RE: Ignore Order while validating XSD from Ralf Lammel on 2006-02-20 (xmlschema-dev@w3.org from February 2006)

From: Ralf Lammel <Ralf.Lammel@microsoft.com>
Date: Sun, 19 Feb 2006 16:56:45 -0800
To: "Mukul Gandhi" <gandhi.mukul@gmail.com>, "Ramkumar Menon" <ramkumar.menon@gmail.com>
Cc: <xmlschema-dev@w3.org>
Message-ID: <1152E22EE8996742A7E36BBBA7768FEE08B12883@RED-MSG-50.redmond.corp.microsoft.com>

Mukul wrote:

> If you have 10 or more elements,
> then definitely the approach I suggested would be cumbersome.

SET FUN=ON

"cumbersome" is a proper understatement. The number of permutations over a finite set S is |S|!. We would get that many sequence compositors if we used the naïve, UPA-violating approach, plus 1 choice compositor. Just to recall figures:

10! + 1 = 3,628,801

I doubt that there is that much business-critical XSD in this world, as of writing. The biggest real-world schema that I have seen has less than 20,000 compositors -- a factor 181 difference.
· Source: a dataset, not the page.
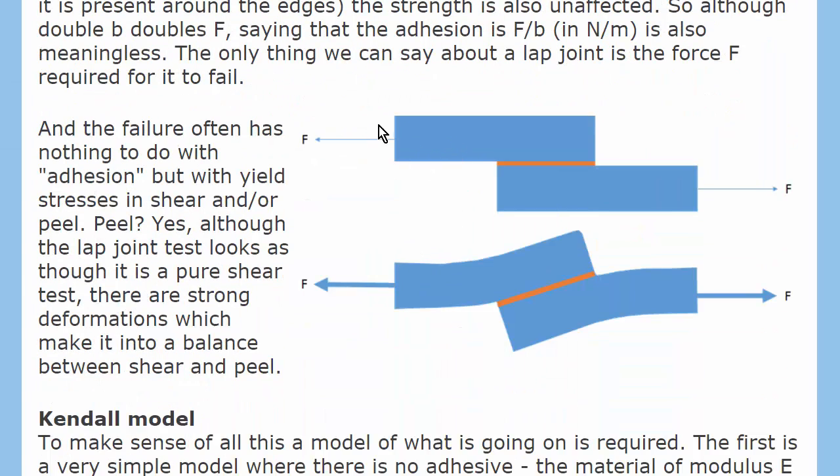Although we might think we're applying a pure shear force, when you do this in a lap joint you actually bend the joint, so you are starting to impose some peel. And the peel forces are concentrated at this critical part of the joint.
But then again, naïve enumeration of permutations is not valid XSD anyhow. One would hope that left factorization recovers scalability a bit, but it is the other way around. Let s_i denote the number of sequence compositors for the left-factorization approach; let c_i denote the number of choice compositors for the left-factorization approach, where i denotes the number of element particles to be varied. Here are some observations to be made by looking at the examples we have seen in earlier emails:

- s_1 = 1, c_1 = 0
- s_2 = 2, c_2 = 1
- s_3 = 6, c_3 = 4

Here are the progressions:

s_1 = 1
s_{i+1} = (i+1) * s_i

c_1 = 0
c_{i+1} = (i+1) * c_i + 1

Hence, just the s_i part is the factorial alone.
And c_i's growth isn't much less that s_i's.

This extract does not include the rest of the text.